Write out the data word for word and drop any picture you find.

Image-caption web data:

* * * * *

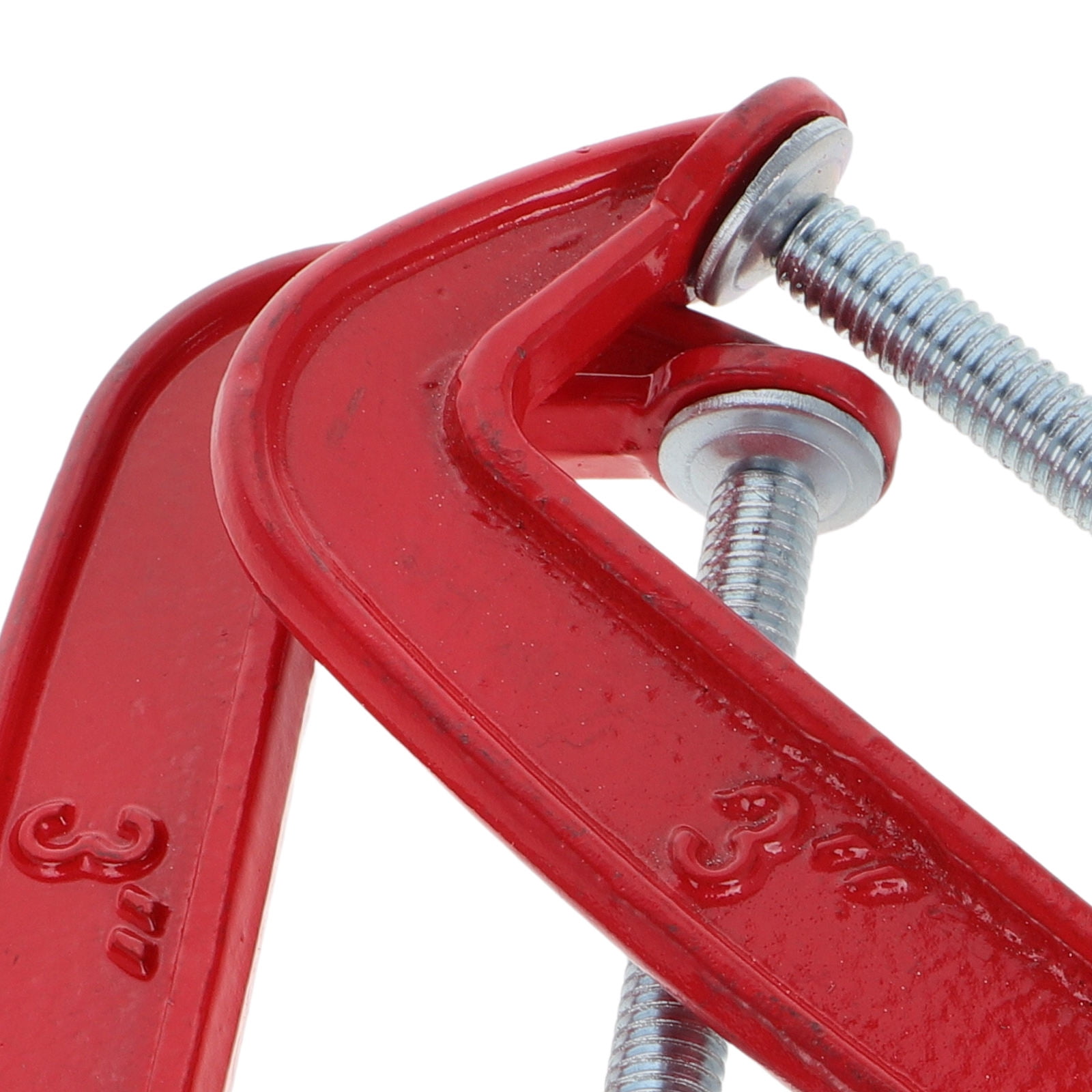 6pcs 3 Inch C Clamp Set Heavy Duty Steel C Clamp Industrial Strength C Clamps With 77mm Jaw Opening For Woodworking Welding And Building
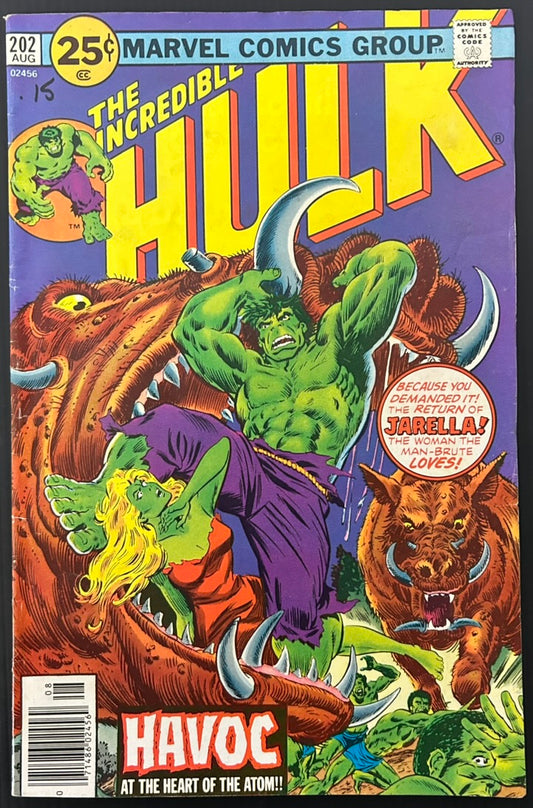 THE INCREDIBLE HULK #202 [MARVEL COMICS] NEWSSTAND 1976 FN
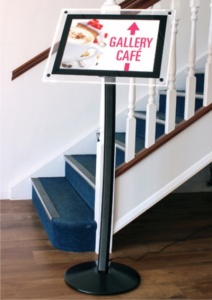 Hi-Light LED Menu Stand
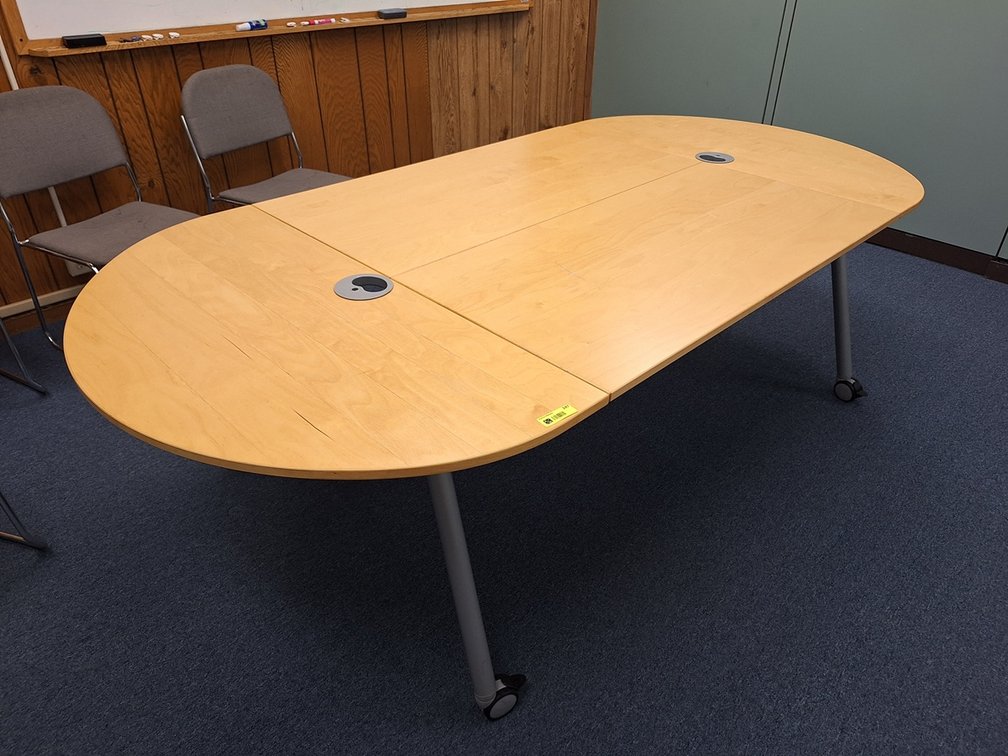 Conference Table on Wheels, 95"x47"x29"
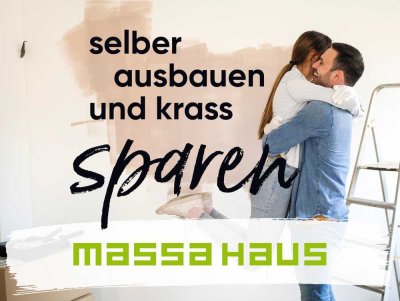 Aktiv werden, Kosten senken: Das Ausbauhaus für Selbermacher | massa haus „TwinStyle 14.01 S“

* * * * *

Task answer
 6pcs 3 Inch C Clamp Set Heavy Duty Steel C Clamp Industrial Strength C Clamps With 77mm Jaw Opening For Woodworking Welding And Building
 THE INCREDIBLE HULK #202 [MARVEL COMICS] NEWSSTAND 1976 FN
 Hi-Light LED Menu Stand
 Conference Table on Wheels, 95"x47"x29"
 Aktiv werden, Kosten senken: Das Ausbauhaus für Selbermacher | massa haus „TwinStyle 14.01 S“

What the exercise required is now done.